As of December 31, 2014, we had 225 full-time employees. We are not a party to any collective bargaining agreements and have not experienced any strikes or work stoppages. We believe our relationships with our employees are good. From time to time, we utilize the services of independent contractors to perform various field and other services. See “Item 13. Certain Relationships and Related Party Transactions, and Director Independence.”

Insurance

In accordance with industry practice, we maintain insurance against some, but not all, of the operating risks to which our business is exposed. We currently have insurance policies that include coverage for general liability (includes sudden and accidental pollution), physical damage to our oil and gas properties, control of well, auto liability, marine liability, worker’s compensation and employer’s liability, among other things.

Currently, we have general liability insurance coverage up to $1 million per occurrence, which includes sudden and accidental environmental liability coverage for the effects of pollution on third parties arising from our operations. Our insurance policies contain maximum policy limits and in most cases, deductibles (generally ranging from $25,000 to $1.8 million) that must be met prior to recovery. These insurance policies are subject to certain customary exclusions and limitations. In addition, we maintain excess liability coverage, which is in addition to and triggered if the general liability per occurrence limit is reached.

Our offshore activities are limited to non-operator positions in five older fields acquired in 2010. Our offshore reserves are not a significant portion of our total reserves; the fields are in declining production with no drilling activity. Our consolidated balance sheets include asset retirement liabilities which we believe are sufficient to cover the eventual costs of dismantlement and abandonment. We believe that due to the nature of the operations in these fields, and the limited activity, the risk of environmental damage is not as high as it would be in an actively drilling offshore field. Our insurance program includes property damage, pollution liability, and control of well.
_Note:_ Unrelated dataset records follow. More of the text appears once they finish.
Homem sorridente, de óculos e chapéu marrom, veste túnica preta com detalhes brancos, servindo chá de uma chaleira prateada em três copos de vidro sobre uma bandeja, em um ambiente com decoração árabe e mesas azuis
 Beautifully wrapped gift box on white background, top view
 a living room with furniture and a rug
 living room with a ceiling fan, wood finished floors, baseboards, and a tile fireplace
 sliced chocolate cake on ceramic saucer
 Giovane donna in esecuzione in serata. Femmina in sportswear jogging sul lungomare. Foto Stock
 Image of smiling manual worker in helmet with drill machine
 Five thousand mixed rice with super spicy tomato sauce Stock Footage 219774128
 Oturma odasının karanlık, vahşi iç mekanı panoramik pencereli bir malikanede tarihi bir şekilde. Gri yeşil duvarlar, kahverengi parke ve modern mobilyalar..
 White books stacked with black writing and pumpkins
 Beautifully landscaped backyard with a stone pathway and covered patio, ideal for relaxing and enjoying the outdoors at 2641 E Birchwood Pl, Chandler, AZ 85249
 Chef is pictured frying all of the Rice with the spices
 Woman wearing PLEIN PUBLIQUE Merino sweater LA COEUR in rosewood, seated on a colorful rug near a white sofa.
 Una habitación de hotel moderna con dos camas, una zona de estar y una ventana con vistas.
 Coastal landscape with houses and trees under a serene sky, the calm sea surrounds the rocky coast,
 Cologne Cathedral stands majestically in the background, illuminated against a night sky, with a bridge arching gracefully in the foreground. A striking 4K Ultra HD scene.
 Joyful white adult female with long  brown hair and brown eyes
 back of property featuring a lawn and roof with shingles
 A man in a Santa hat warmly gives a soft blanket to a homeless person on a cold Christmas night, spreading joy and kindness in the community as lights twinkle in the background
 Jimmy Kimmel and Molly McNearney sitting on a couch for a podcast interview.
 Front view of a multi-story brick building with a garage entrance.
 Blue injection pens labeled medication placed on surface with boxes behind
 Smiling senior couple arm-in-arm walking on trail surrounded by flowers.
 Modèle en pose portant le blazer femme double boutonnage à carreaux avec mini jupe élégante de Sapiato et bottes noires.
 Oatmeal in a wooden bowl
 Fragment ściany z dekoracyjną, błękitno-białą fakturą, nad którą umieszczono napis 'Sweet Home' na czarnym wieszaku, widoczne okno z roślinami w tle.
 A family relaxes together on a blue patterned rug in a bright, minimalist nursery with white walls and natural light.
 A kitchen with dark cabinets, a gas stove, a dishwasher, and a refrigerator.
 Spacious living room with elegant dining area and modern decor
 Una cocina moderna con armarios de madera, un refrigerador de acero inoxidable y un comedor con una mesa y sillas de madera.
The property damage coverage extends to total loss of the equipment (not the reserves) with replacement cost coverage retained on one of the five fields. The pollution coverage, which is applicable to both offshore and onshore events, is $10 million per incident with a $100,000 deductible.

We require all of our third-party contractors, including those that perform hydraulic fracturing operations, to sign master service agreements in which they agree to indemnify us for injuries and deaths of the service provider’s employees as well as contractors and subcontractors hired by the service provider. Similarly, we generally agree to indemnify each third-party contractor against claims made by our employees and other contractors. Additionally, each party generally is responsible for damage to its own property. We do not currently have any insurance policies in effect that are intended to provide coverage for losses solely related to hydraulic fracturing operations.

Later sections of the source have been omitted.